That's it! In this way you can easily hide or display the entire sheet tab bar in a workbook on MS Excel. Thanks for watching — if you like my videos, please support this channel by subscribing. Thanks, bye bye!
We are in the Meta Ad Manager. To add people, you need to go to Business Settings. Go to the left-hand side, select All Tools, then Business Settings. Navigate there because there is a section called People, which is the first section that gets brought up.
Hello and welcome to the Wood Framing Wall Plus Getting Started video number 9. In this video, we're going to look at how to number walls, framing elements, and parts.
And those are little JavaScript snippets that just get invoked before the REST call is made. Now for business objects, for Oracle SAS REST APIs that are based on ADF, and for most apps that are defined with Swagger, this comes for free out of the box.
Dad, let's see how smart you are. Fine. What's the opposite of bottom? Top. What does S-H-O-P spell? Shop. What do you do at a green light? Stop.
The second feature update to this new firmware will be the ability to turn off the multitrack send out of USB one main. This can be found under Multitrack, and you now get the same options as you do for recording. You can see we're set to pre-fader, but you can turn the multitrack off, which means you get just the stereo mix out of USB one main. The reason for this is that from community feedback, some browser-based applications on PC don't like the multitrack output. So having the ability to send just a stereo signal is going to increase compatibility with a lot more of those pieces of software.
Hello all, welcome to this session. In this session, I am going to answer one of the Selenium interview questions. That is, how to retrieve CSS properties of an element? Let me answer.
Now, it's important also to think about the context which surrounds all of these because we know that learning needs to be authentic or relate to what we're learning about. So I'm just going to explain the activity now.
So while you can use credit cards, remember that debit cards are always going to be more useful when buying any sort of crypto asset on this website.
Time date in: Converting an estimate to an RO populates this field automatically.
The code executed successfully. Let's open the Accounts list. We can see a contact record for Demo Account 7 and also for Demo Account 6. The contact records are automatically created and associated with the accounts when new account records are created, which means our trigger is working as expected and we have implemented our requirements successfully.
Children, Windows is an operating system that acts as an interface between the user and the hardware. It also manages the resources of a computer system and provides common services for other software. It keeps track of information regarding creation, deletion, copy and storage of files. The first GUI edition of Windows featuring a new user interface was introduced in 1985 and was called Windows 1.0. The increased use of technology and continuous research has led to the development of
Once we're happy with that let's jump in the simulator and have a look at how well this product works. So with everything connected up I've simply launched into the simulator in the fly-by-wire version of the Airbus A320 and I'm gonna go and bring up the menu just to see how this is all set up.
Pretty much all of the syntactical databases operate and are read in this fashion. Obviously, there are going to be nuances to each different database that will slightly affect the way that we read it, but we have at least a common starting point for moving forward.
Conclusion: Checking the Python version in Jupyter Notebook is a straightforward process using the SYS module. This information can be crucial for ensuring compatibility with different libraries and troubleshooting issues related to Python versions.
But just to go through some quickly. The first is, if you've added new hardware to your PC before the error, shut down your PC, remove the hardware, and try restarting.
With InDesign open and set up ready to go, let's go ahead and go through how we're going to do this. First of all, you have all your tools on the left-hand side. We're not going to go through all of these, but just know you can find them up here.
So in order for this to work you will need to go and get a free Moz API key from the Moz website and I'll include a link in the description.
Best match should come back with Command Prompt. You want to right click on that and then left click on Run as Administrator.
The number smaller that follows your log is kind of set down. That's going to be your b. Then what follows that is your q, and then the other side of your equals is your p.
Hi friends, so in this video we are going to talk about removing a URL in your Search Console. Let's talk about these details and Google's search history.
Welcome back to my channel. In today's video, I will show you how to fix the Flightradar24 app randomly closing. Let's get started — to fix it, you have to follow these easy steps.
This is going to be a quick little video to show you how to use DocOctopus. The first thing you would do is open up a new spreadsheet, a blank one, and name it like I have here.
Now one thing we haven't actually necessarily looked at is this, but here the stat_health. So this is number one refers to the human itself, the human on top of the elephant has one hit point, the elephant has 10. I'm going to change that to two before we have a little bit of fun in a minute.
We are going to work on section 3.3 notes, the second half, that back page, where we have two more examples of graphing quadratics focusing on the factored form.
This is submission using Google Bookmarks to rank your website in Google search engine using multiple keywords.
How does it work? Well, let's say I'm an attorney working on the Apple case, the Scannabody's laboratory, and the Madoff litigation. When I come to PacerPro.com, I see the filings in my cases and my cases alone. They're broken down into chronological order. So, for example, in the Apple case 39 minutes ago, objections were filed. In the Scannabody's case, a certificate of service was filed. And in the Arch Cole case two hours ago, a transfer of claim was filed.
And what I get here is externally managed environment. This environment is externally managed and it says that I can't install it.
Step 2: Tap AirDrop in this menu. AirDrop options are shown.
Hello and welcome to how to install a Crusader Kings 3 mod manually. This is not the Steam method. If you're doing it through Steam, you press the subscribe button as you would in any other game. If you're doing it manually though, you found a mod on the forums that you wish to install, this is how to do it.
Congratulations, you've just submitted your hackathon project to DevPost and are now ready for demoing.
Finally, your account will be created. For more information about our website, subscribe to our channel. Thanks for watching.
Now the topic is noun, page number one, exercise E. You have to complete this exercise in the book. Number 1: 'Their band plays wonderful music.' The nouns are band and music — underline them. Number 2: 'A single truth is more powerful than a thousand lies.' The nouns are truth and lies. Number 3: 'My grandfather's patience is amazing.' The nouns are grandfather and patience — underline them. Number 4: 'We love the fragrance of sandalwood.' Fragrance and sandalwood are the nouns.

----------------

◆ ABOUT THIS TASK: Write out, from the lines above, only those from the line with "How does it" to the line with "Finally, your account", exactly as given, including the first and the last.

◆ TASK RESULT:
How does it work? Well, let's say I'm an attorney working on the Apple case, the Scannabody's laboratory, and the Madoff litigation. When I come to PacerPro.com, I see the filings in my cases and my cases alone. They're broken down into chronological order. So, for example, in the Apple case 39 minutes ago, objections were filed. In the Scannabody's case, a certificate of service was filed. And in the Arch Cole case two hours ago, a transfer of claim was filed.
And what I get here is externally managed environment. This environment is externally managed and it says that I can't install it.
Step 2: Tap AirDrop in this menu. AirDrop options are shown.
Hello and welcome to how to install a Crusader Kings 3 mod manually. This is not the Steam method. If you're doing it through Steam, you press the subscribe button as you would in any other game. If you're doing it manually though, you found a mod on the forums that you wish to install, this is how to do it.
Congratulations, you've just submitted your hackathon project to DevPost and are now ready for demoing.
Finally, your account will be created. For more information about our website, subscribe to our channel. Thanks for watching.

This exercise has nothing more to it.